Make a verbatim transcription of the records, without the pictures.
------ Provided records ------
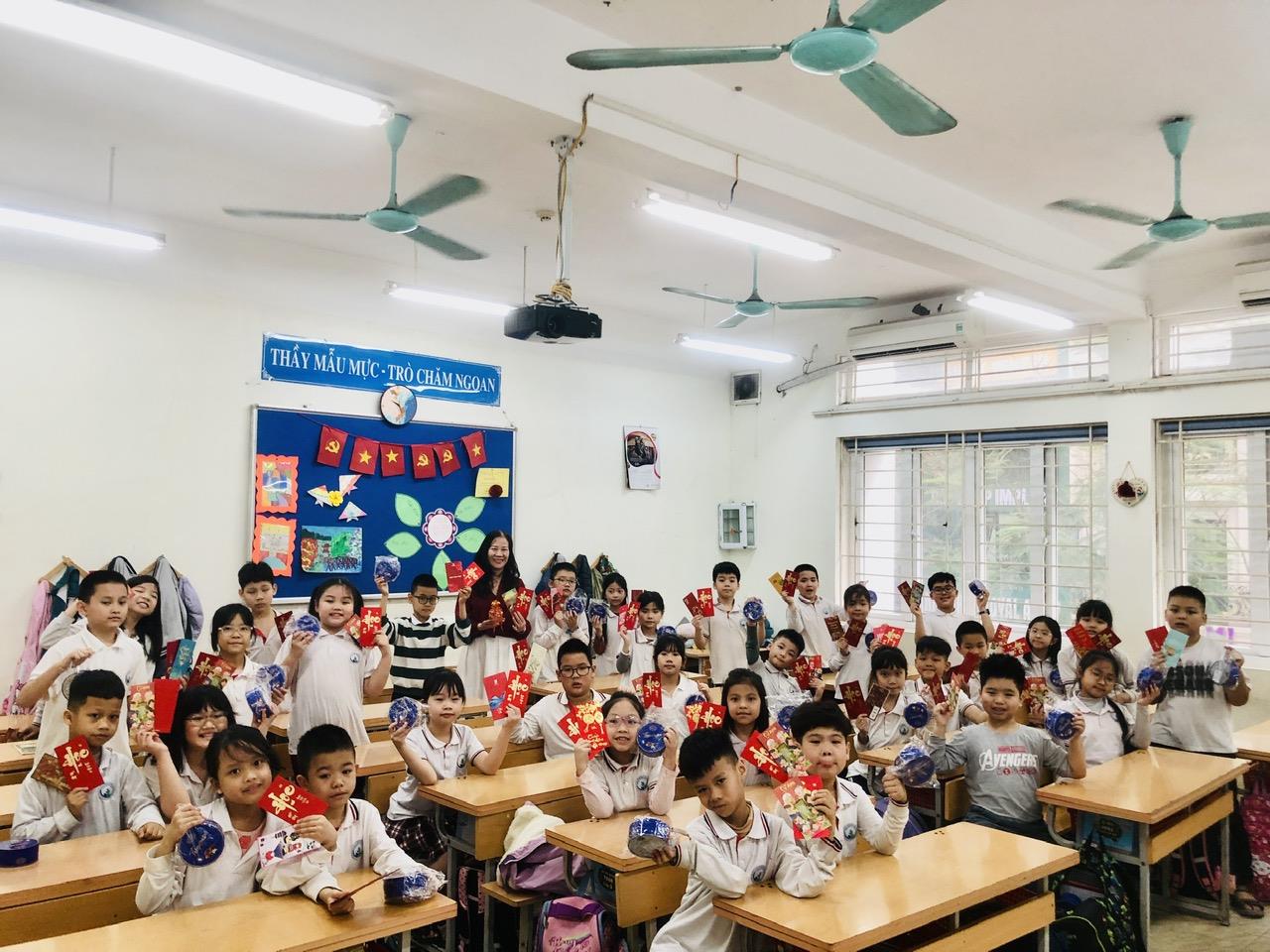 Rộn ràng chào xuân Bình ngọ của các con học sinh lớp 3A7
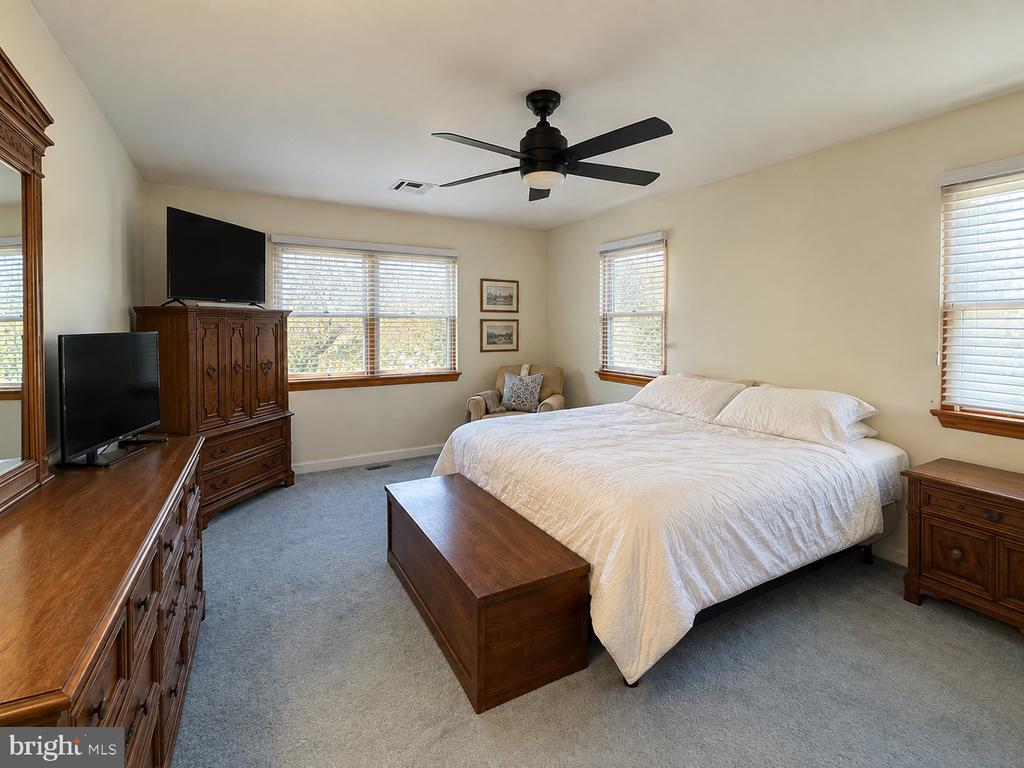 601 WHITPAIN HLS HILLS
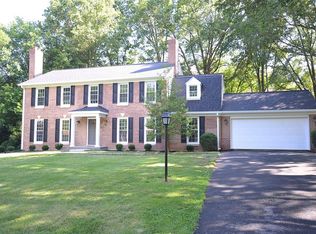 11400 Rouen Dr, Potomac, MD 20854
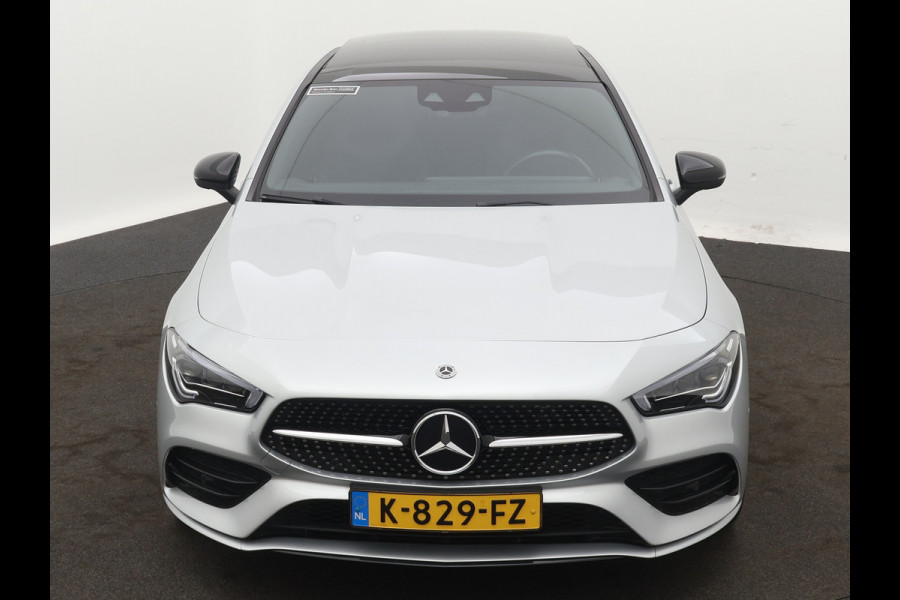 Mercedes-Benz CLA-Klasse 250 e Business Solution AMG Limited | Multispaaks lichtmetalen velgen | Panoramadak | MBUX wide screen | Navigatie | Parking support | Inclusief 24 maanden MB Certified garantie voor Europa.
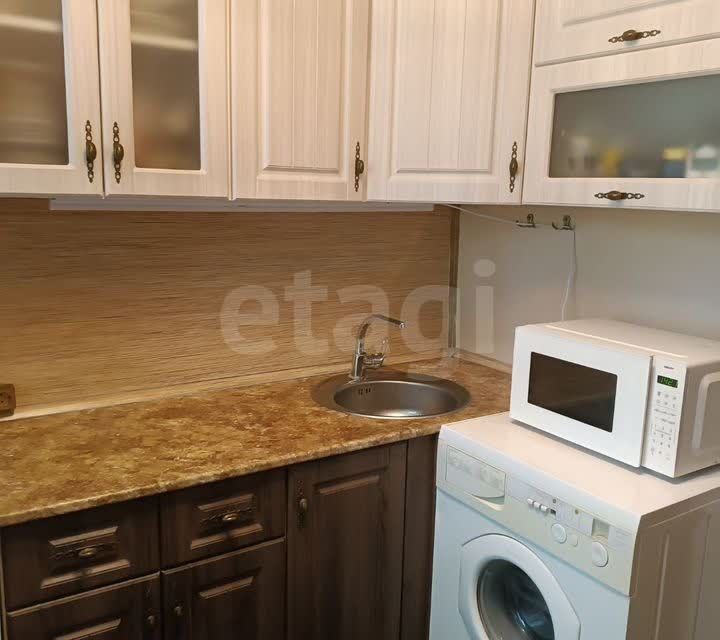 Продаётся 3-комнатная квартира, 61.1 м²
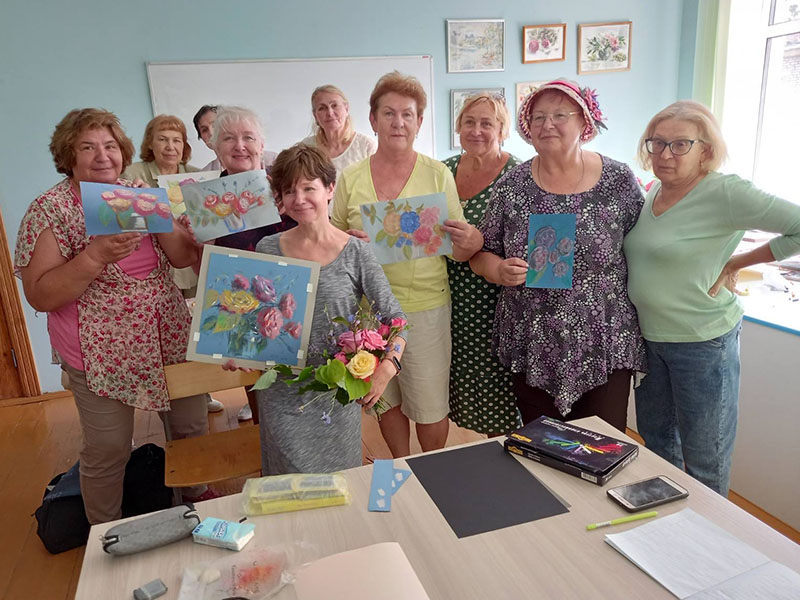 Quick floral demo with soft pastels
------
Written response:
 Rộn ràng chào xuân Bình ngọ của các con học sinh lớp 3A7
 601 WHITPAIN HLS HILLS
 11400 Rouen Dr, Potomac, MD 20854
 Mercedes-Benz CLA-Klasse 250 e Business Solution AMG Limited | Multispaaks lichtmetalen velgen | Panoramadak | MBUX wide screen | Navigatie | Parking support | Inclusief 24 maanden MB Certified garantie voor Europa.
 Продаётся 3-комнатная квартира, 61.1 м²
 Quick floral demo with soft pastels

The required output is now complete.